Official At Freedom Fund Banquet Says Racial Considerations Would Be Factor For How Much Help Afforded - NEW YORK (CBS)
Last Tuesday, the NAACP passed a resolution condemning racism in the Tea Party movement. The organization's delegates called on Tea Party leaders to "repudiate those in their ranks who use racist language in their signs and speeches."
Tea Party members and supporters saw the resolution as a condemnation of the group itself, which calls for fiscal responsibility, restrictions on governmental power, and backs political candidates who claim the same.
The NAACP's action caught the attention of Andrew Breitbart of BigGovernment.com, who said the controversy was "absolutely manufactured for political gain," in a summer "in which the economy is the number one issue affecting blacks and whites in this country. This country can ill afford the schism of race to be exploited the way [he is] based upon the false premise of the Tea Party being racist."
He also claimed to possess recorded evidence of racism from the NAACP.
On Monday, Breitbart posted a video of a speech by Shirley Sherrod, USDA Rural Development Georgia State Director, delivered at the NAACP's 20th Annual Freedom Fund Banquet.
The video shows Sherrod speaking of racial considerations being a factor for how much help she would give.
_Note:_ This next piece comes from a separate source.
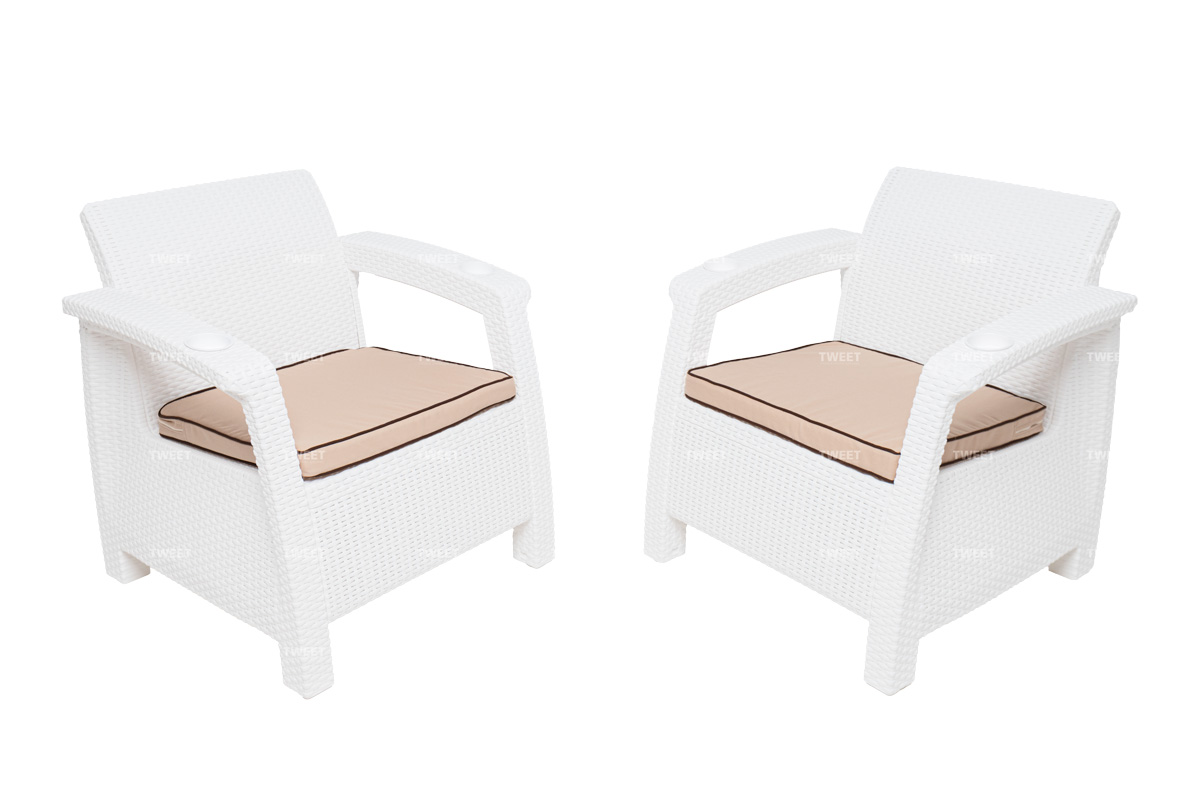 Комплект TWEET Balcony Set, цвет: белый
"The first time I was faced with having to help a white farmer save his farm, he took a long time talking but he was trying to show me he was superior to me. I know what he was doing, but he had come to me for help. What he didn't know while he was taking all that time trying to show me he was superior to me was, I was trying to decide just how much help I was going to give him," Sherrod said.
"I was struggling with the fact that so many black people had lost their farmland, and here I was faced with having to help a white person save their land. So I didn't give him the full force of what I could do. I did enough," Sherrod said. "So that when he, I assumed the Department of Agriculture had sent him to me, either that or the Georgia Department of Agriculture, and he needed to go back and report that I did try to help him."
In the video, Sherrod also spoke of referring the white farmer to a white lawyer, thinking the latter would be more sympathetic because of race. "So I took him to a white lawyer that had attended some of training that we had provided because Chapter 12 bankruptcy had just been enacted for the family farm. So I figured if I take him to one of them, that his own kind would take care of him."
The NAACP had no immediate response Monday afternoon.